That event log is both our audit trail and our source of truth: all snapshots of resources (e.g. current balance for a wallet or the current status for a payment) are built from the events. We just keep some materialised projections for speed.
To ensure that our invariants are not breached (e.g. no overdraft allowed) we rely on optimistic concurrency: each event is tagged with a monotonically increasing version number and a few database-level constraints guarantee data integrity.
No matter how much care you put into a piece of software, there will be defects — software is made by humans, after all. There will be defects in our components, in our partners’ products.
We have optimised for blast radius reduction and time to detection. We also continuously run a set of different processes that act as feedback loops for our system and operators:
Smoke tests, moving funds back-and-forth between test accounts, every minute
Micro-batching reconciliation, continuously checking that our view of our wallets and transactions matches what our partners sees, scraping both ledgers
Roll-ups, periodically replaying all the events on our logs to make sure projections are coherent and correct
As we go forward we will certainly add more and refine the ones we have.
Built with Rust
We used one innovation token on the programming language: all the microservices underpinning PayDirect are built with Rust.
Its type system was the key selling point: being able to enforce many of our domain constraints at compile-time boosted our confidence in the correctness of the final solution.
Rust’s enums, in particular, proved invaluable when working on the state machine of the payment lifecycle.
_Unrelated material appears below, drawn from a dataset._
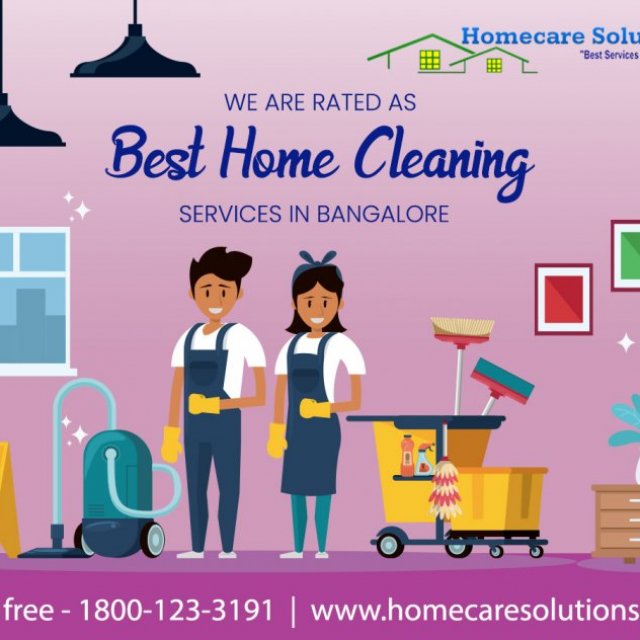 Homecare Solutions Home, Office, Kitchen, Bathroom, Sofa, Deep Home Cleaning Services in Bangalore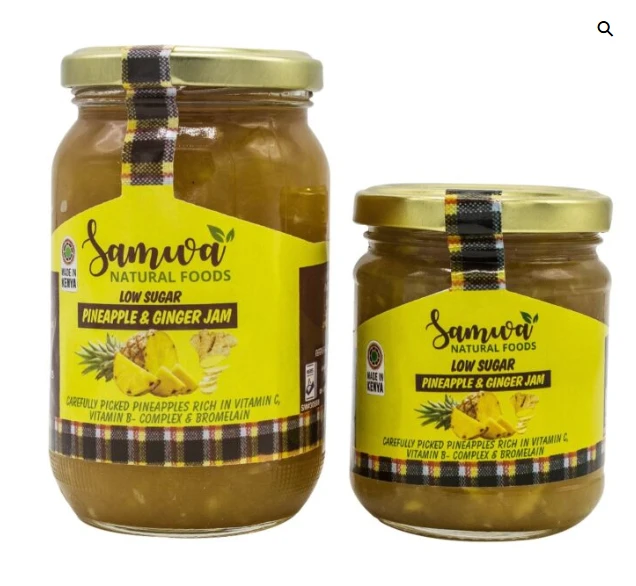 Low Sugar Pineapple & Ginger Jam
Adopting a new programming language is a journey — not one to be taken lightly.
Although we played with Rust previously, it was never in the hot path — we used it for CI tooling, small Kubernetes controllers, quality-of-life CLIs.
To build PayDirect we had to integrate Rust with the rest of the TrueLayer platform (e.g. telemetry), onboard and train engineers to use the language as well as figure out how to assemble our “application toolkit” using the crates available in the ecosystem — we had a chance to contribute a few patches upstream along the way.
Keep an eye on our blog — we’re looking forward to giving an in-depth report on our Rust journey in a future post.
We’re just getting started
There is so much more we could say on this: how we secured the whole stack, our choice of an event-driven architecture, how we manage on-call and alerts — all topics for future blog posts.
For now, enough to say that this is just the beginning: we are scaling the system to handle growing volumes, adding more payment rails and building new products on top.